/python-nlp-utils

Short Python scripts to run general NLP tasks

Primary LanguagePython

NLP general Python scripts

This is a collection of little scripts and functions I have been writing and using since ~2016 for the different NLP tasks I've had to do. Probably all of them were thought and used to work only with Spanish.

In this repo

  1. child_orth_errors: generating text with orthographic errors similar to children mistakes

Children make orthographic errors that follow a different pattern from adult typos. Their errors follow patterns related to the stage at where they are in learning language. This code performs a series of transformation by rules with random probabilities, applying those errors to some input text. The collection of errors was retrieved from different papers and analysis on the subject. The original goal was to use this code to create data with errors and then train models to identify them and apply it to a QnA systems for children.

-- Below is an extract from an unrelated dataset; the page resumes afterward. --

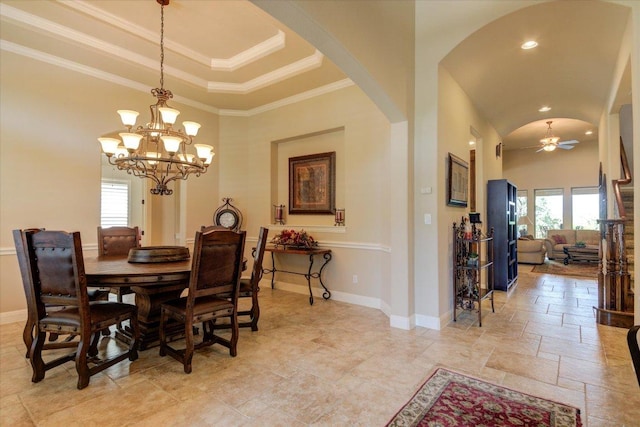 dining area with arched walkways, baseboards, a chandelier, ceiling fan, and a high ceiling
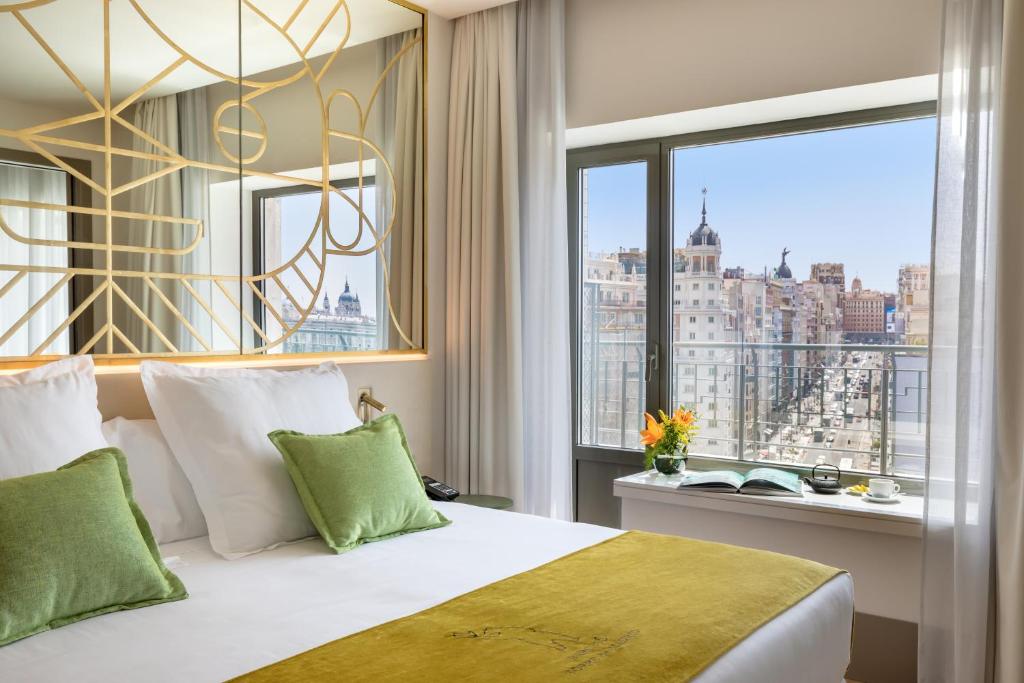 马德里马德里巴塞罗塔酒店的一间带一张床的卧室,享有城市美景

  1. train_ngrams: code to train word level or character level n-grams

This code was used to build language models either at the word level or at the character level from a collection of text.

  1. phonetic_distance: score distance between two strings phonetically

This code was written to compare two strings and score their similarity in terms of phonetic similarity for Chilean Spanish. originally this code was written as part of a spell correction module. The csv file contains a matrix of the distance score for the different phones in the language, which can be change according to necessity.

  1. phonetic_transcription: simple phonetic transcriber for Chilean Spanish

Collection of replace rules to transcribe quickly a string in Chilean Spanish to a phone representation.